● Problem statement:
No line before the one holding "this 800×600 image." is wanted; restate word for word that line and all lines after it to the end of the entries, excluding pictures.

● Input:

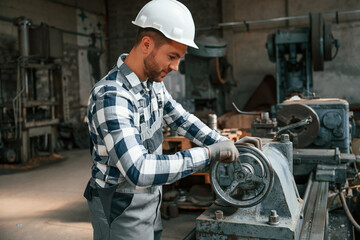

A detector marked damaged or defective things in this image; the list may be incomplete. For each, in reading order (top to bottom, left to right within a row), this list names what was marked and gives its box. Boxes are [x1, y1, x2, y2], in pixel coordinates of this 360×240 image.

rusty metal part [276, 103, 320, 147]
rusty metal part [210, 144, 274, 208]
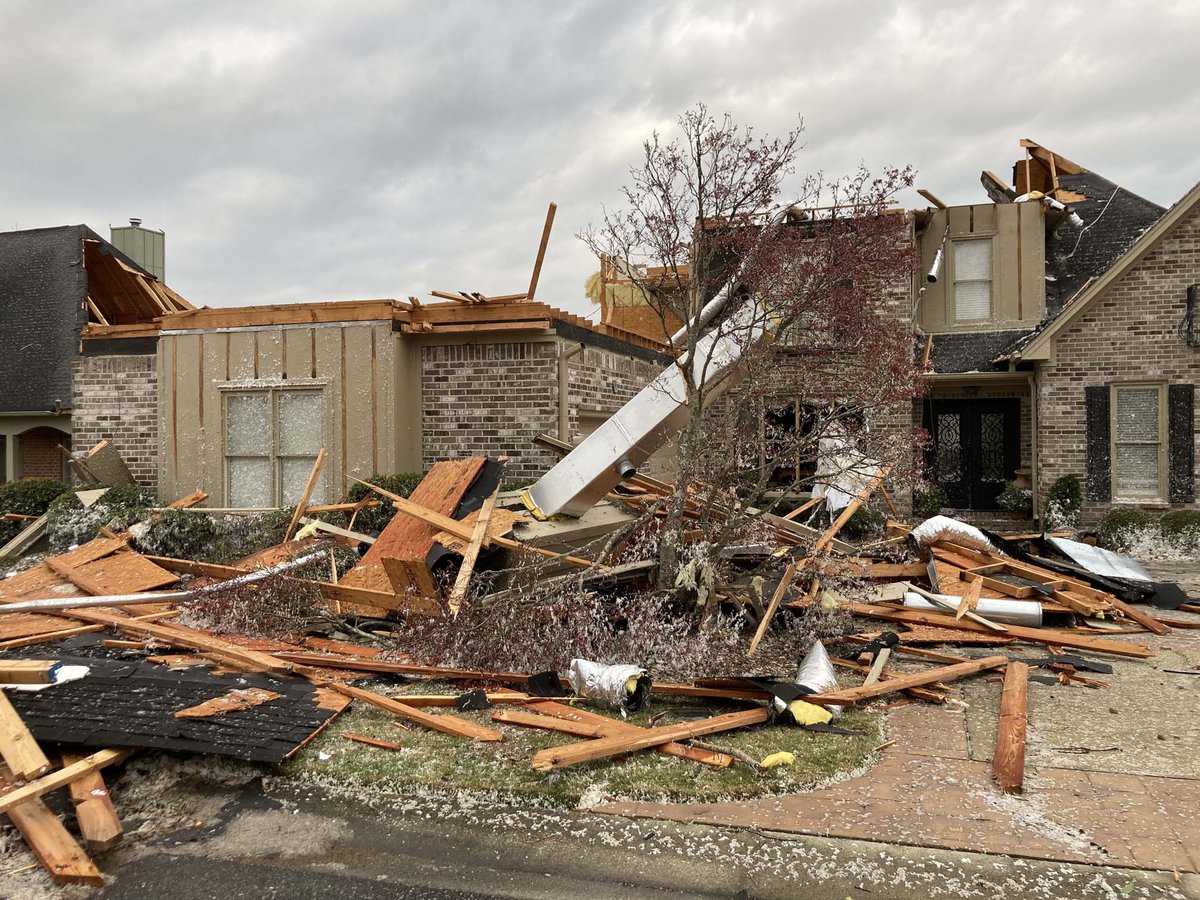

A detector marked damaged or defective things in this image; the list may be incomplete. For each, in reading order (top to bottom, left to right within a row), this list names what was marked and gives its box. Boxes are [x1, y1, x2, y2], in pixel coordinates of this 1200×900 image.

damaged brick house [0, 221, 190, 482]
broken window [224, 390, 324, 510]
damaged brick house [77, 296, 664, 506]
broken window [952, 239, 988, 324]
damaged brick house [920, 137, 1192, 524]
broken window [1112, 384, 1168, 502]
snapped wood [0, 688, 51, 780]
snapped wood [0, 744, 132, 816]
snapped wood [61, 752, 123, 852]
snapped wood [532, 708, 772, 768]
snapped wood [992, 656, 1032, 792]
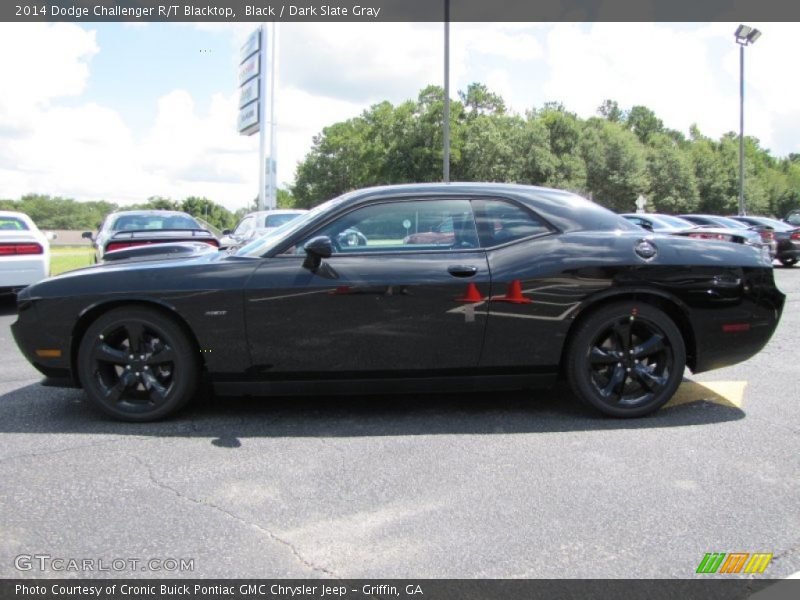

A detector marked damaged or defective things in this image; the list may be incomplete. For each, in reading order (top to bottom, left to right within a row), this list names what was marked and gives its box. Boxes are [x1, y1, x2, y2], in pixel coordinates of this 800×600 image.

crack in asphalt [133, 458, 340, 580]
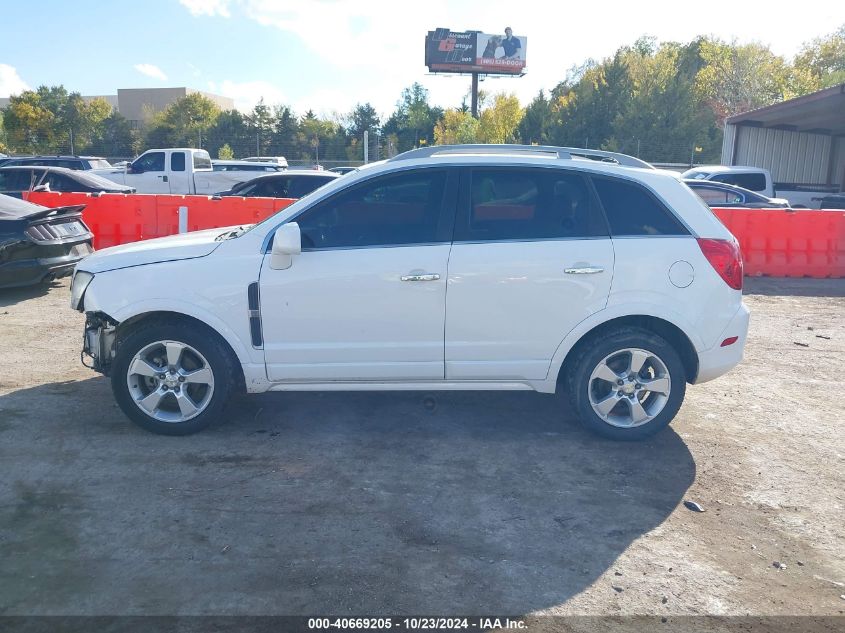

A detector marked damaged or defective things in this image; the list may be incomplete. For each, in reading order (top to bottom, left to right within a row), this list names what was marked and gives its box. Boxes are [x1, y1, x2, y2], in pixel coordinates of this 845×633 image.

● Response:
A detector marked damaged or defective things in this image; the list may be incomplete. For each, in reading order (top to bottom, left to right within a row), this list names what was marked and gives its box. Boxes are [x1, y1, x2, y2], in pixel coordinates of this 800×600 image.

crack in asphalt [133, 458, 340, 580]

A detector marked damaged or defective things in this image; the list may be incomplete. For each, in reading order (top to bottom, left to right within a row), this list names what was marked and gives its box. Boxes are [x1, y1, x2, y2], in pixel coordinates of this 845×633 image.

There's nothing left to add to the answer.